Problem statement:
Print exactly the lines below between the line containing "Beach Essentials Bluetooth" and the line containing "The Honest Label", counting both of those lines. Leave pictures out.

Supplied material:
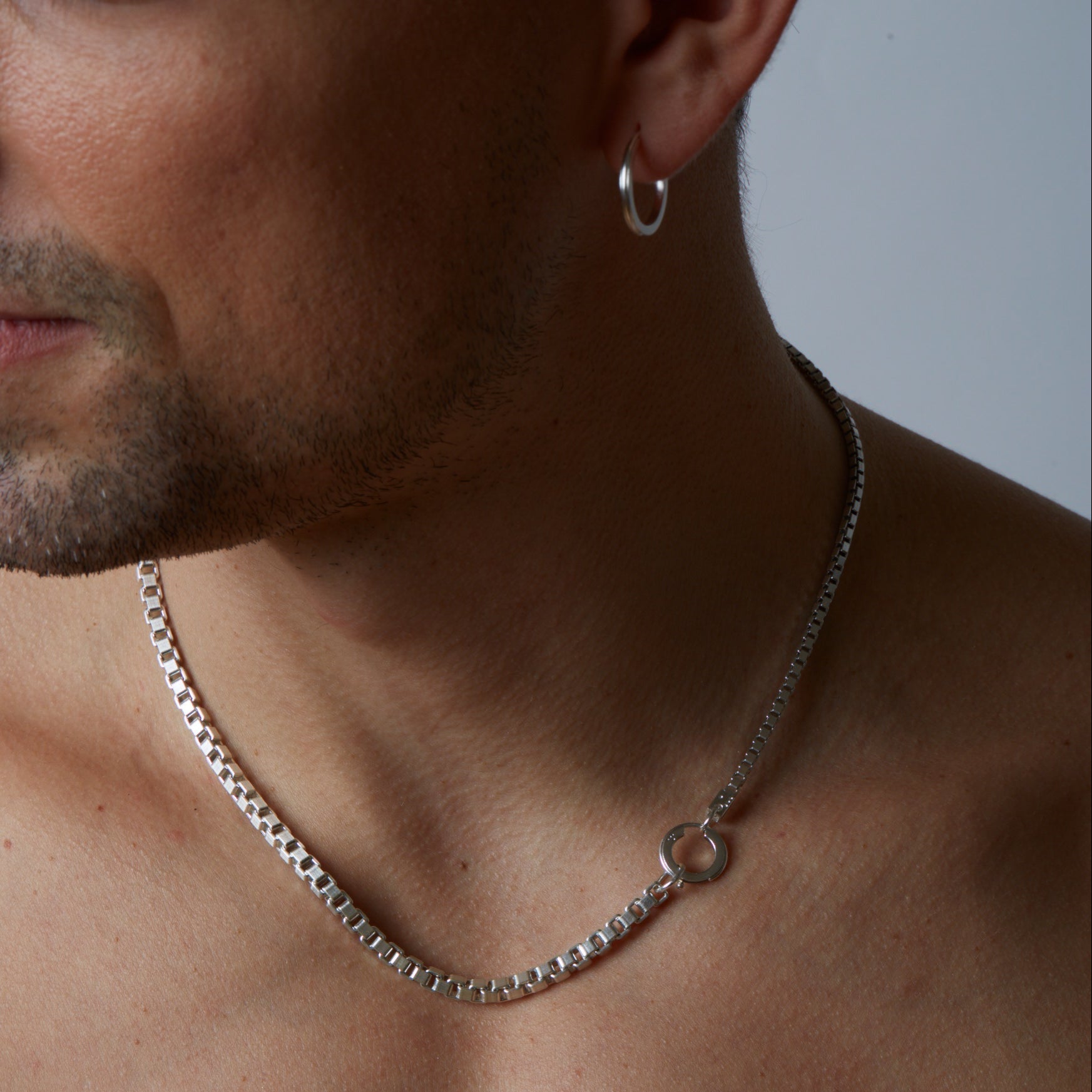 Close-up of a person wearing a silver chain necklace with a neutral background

...

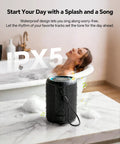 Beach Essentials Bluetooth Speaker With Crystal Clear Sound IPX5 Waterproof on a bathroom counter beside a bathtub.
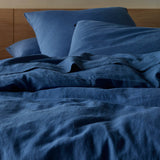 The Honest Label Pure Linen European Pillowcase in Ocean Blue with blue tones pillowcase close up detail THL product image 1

Answer to the exercise:
 Beach Essentials Bluetooth Speaker With Crystal Clear Sound IPX5 Waterproof on a bathroom counter beside a bathtub.
 The Honest Label Pure Linen European Pillowcase in Ocean Blue with blue tones pillowcase close up detail THL product image 1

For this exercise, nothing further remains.